I doubt the political will exists to take on the Murdoch press, but I do think the Press Complaints Commission is likely to go, as a sacrificial lamb to show “something” is being done. I have blogged in the past that I have concerns about the idea of state regulation of the media (though to be fair it works pretty well in Broadcasting) but clearly the voluntary code we operate on has been woefully inadequate in terms of dealing the excesses of the British tabloid media.

And as well as the PCC heads will roll, Rebekah Brooks is surely a dead man walking. And in any sane world there would likely to be people within the Metropolitan police in real hot water (though I wouldn’t bet on it). I wonder how far this will go? Perhaps I am a cynic but I don’t think for a second that David Cameron is going to allow a Public Enquiry (which obviously should happen) because big Rupert has him by the short and curlies! One thing is for sure there is a lot of mileage in this story yet.

Update 1

Well it seems I was wrong on the Public Enquiry. Cameron accepted one at PMQs. Since we are on a roll how about a proper, robust, media plurality law that has “Public interest” at it’s core? One can always dream.

Update 2

Robert Peston is reporting that the BSkyB takeover is in trouble and might have to get put off. I can’t see it mind I’ll be astonished if by the end of the year the Tories have not given their mate Rupert the gift they promised before the election. The whole thing stinks.

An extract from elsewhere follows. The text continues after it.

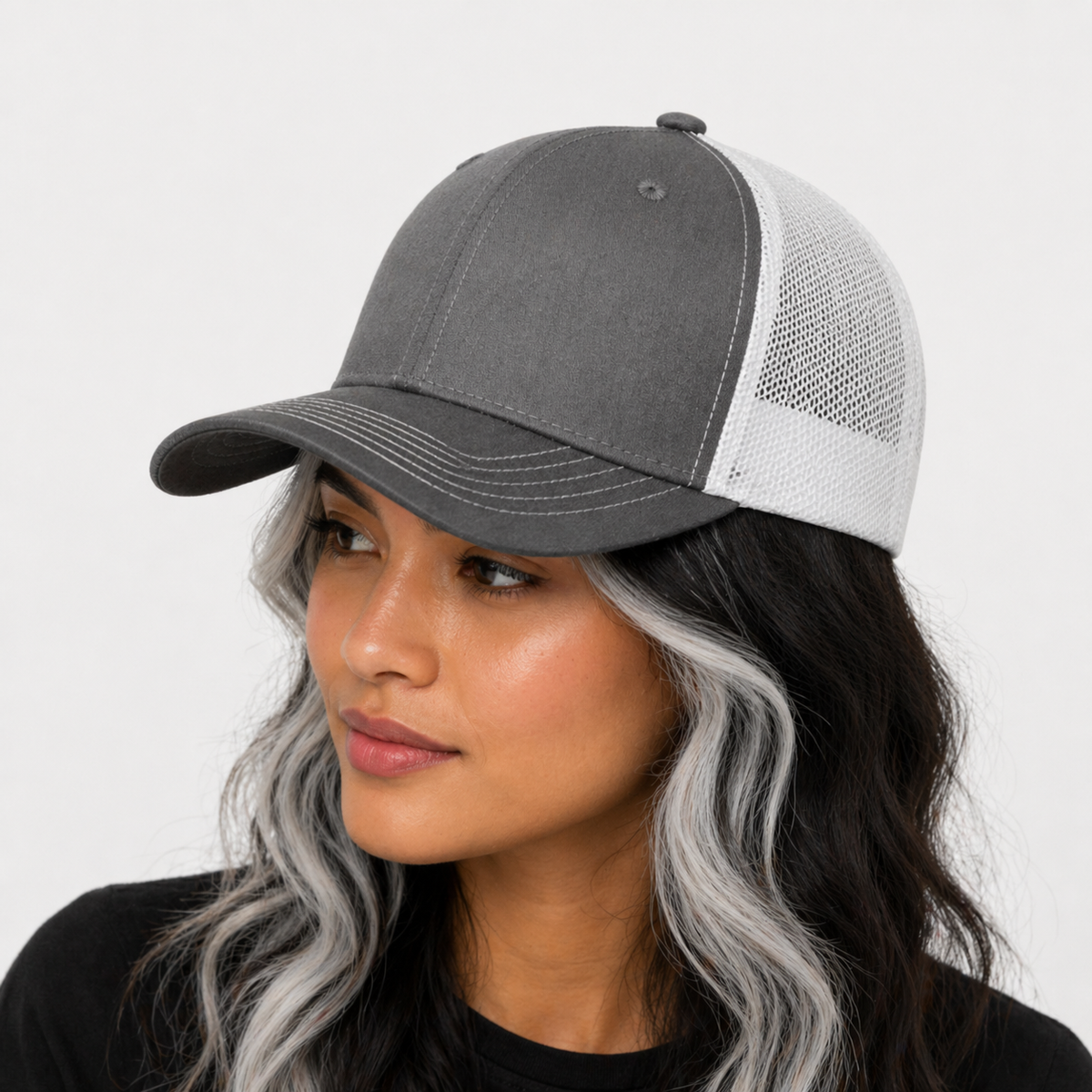 Casquette Grise & Blanche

06. July 2011 by Ralph Ferrett
Categories: Activism | Tags: , , , , , , , , , | 4 comments

Comments (4)

  1. The involvement of police in this is scary. All those involved should be dragged to court and sentenced. I don’t care if they’re rich and influential.
    However, like you, I don’t see this happen. Chancellor Kohl was never sentenced. I think he had to pay a small fine, that’s all. And that’s how it goes with politicians here. They may resign (but very reluctantly, and only if the pressure becomes too high), and they may even have to pay a small fine, but that’s it. Whereas the man in the street would spend years in prison for the very same crimes.

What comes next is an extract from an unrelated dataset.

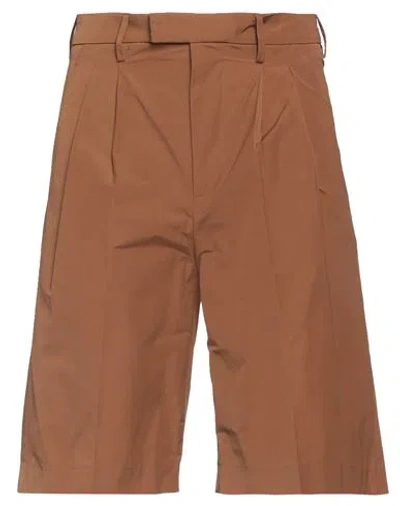 Roberto Collina Man Shorts & Bermuda Shorts Brown Size 32 Polyester, Cotton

  2. News International can easily be demonised because it has a figurehead, a cartoon caricature who no doubt has a mountain top lair and a white cat. But I think we’re missing the bigger picture. There’s far too close a relationship between the media and politicians, they swim in the same waters, marry one another, slip between roles with scary ease. People like Campbell & Coulson were unelected and unaccountable but seemed to wield an incredible amount of power. Far too much time is spent by politicians “spinning” stories or concerning themselves about how policies will play in the press. I don’t actually think the dead tree media is a force in politics anyway. They may like to think they are and they may like to push that theory in the lobbies of Westminster, but it’s no longer true.

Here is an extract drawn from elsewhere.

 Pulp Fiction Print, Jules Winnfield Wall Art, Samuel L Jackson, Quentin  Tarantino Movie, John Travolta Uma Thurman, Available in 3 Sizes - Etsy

    The message should be to politicians “Stop worrying about short term headlines. Do what you believe is the best thing for the country and your constituents and let your deeds be the vote-winner come election time”.

    Murdoch is the Emperor in the scud. He only has the power the politicians invest in him.

    • Hi Alan,

      Thanks for the comment and I think it warrants a proper thought through reply. And that will come shortly.

      On the Murdoch thing though have you not seen “Tomorrow Never Dies”? He is a bond villain FFS! But seriously he is one of the last Ceasers in the corporate world clearly unlike any other CEO in the media world today. He has for some time exercised incredible control over his media empire and that said empire is huge, wealthy and powerful. I think he is probably the last of a dying breed and I am sure that News International/Corporation will be different when he is gone, more like a normal media company.

      But at the moment he is capable of exerting incredible power politically, (partly because as you say the politicians late him) and in that I really do think that he is, in British politics at least, a uniquely powerful private individual. If you are all for fair and accessable democracy (and I know you are even if we differ about what that democracy should do) then people able to influence as much influence as Murdoch does has to be a worrying phenomonen surely?